One of the best places to learn mindfulness is in your car. Many of you know how much I love to travel. I used to take very long road trips, oftentimes from Los Angeles to Salt Spring Island.
Driving used to be hard on me. I would get tired after 3-4 hours of highway driving. But I decided to try something new: I began driving as a practice of meditation. The four doors of my car became my mini retreat. While I was driving I began to focus primarily on my breath. This had a profound effect. I was able to stretch my driving times to 8-12 hours a day without feeling tired.
As I began practicing mindfulness, I had no idea how much tension I drove with, especially in my breath. When someone sped up behind my car and tailgated me, that’s when I especially held my breath and began to tense up. So I began practicing deeper, calmer breathing during stressful driving experiences like traffic or aggressive driving on the road.
When I did this, I noticed the cars around me would often shift the way they drove and would drive with more space and peacefulness. I also began to experience flow states where I felt I was no longer driving and completely one with the road and everything around me. It was rejuvenating and powerful to experience.

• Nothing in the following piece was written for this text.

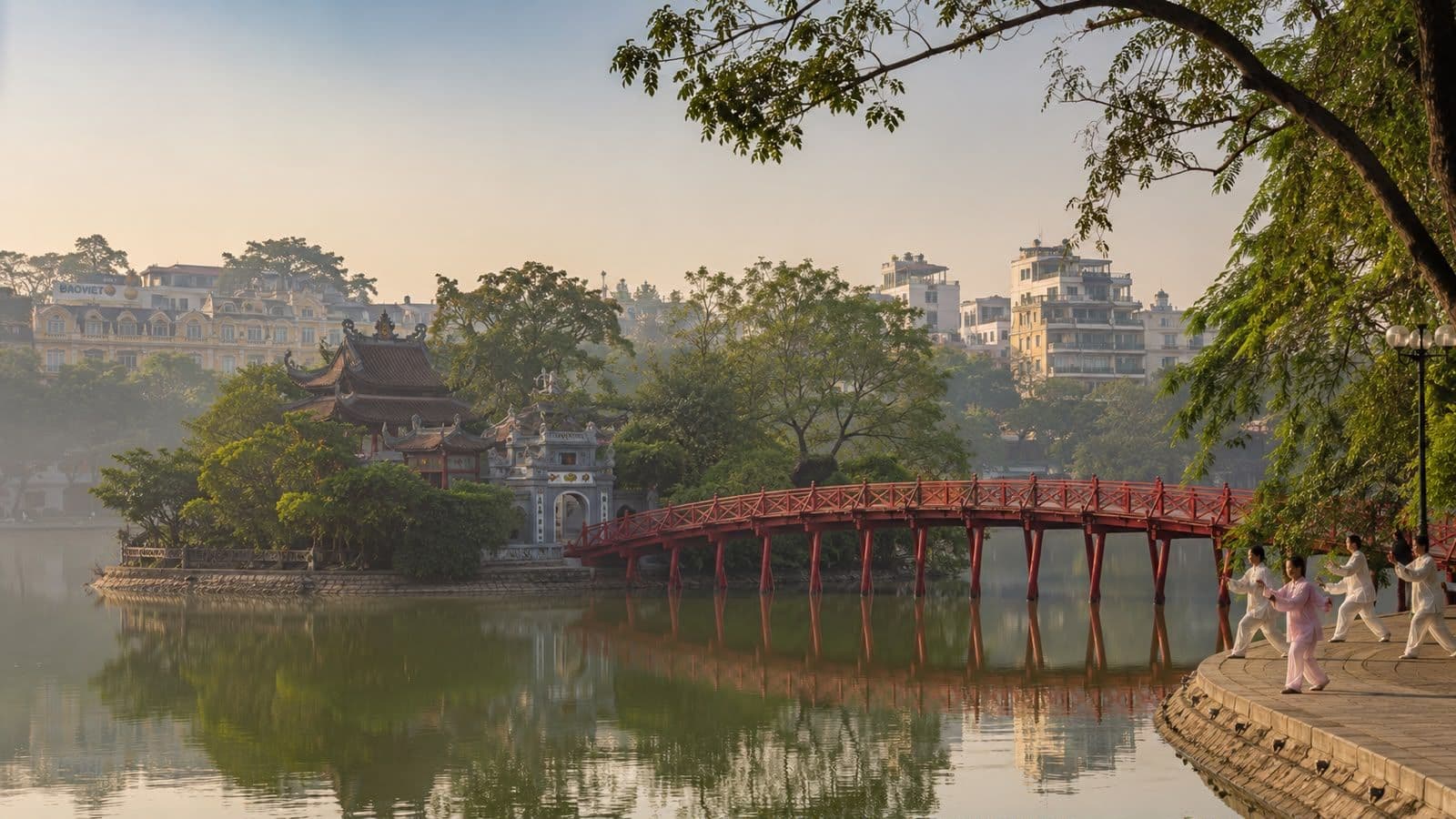 Hoan Kiem Lake and iconic red bridge in Hanoi, Vietnam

That’s when I came to realize the profound benefit of practicing presence while driving.
Considering how much time people spend in the car, learning mindfulness while driving presents a perfect opportunity to practice. What better time to learn to be in the moment than on the road?
Here are 3 ways on how you can learn how to drive mindfully.
Always remember to drive safely and keep your attention on the road!
- Pay attention to your breath. Try to keep a steady, even breath while you drive. Our breath tends to become shallow and tight when we find ourselves in traffic or stressful driving situations. It’s a simple and effective tool to tap into to help relieve tension during your drive.
- Pay attention to bodily sensations. Be aware of your posture and any tension you are feeling. Tune into your shoulders, legs, feet, and even your grip on the steering wheel. Are you squeezing any part of your body or are you relaxed? If you find yourself tense, a simple focus on breathing in and pausing between each inhale and exhale will help you become more anchored and centered.
- Practice peaceful centering as you drive. You’ll notice this affects the atmosphere on the road. If someone is tailgating you or you feel aggression on the road, you may notice a shift when you begin to center yourself.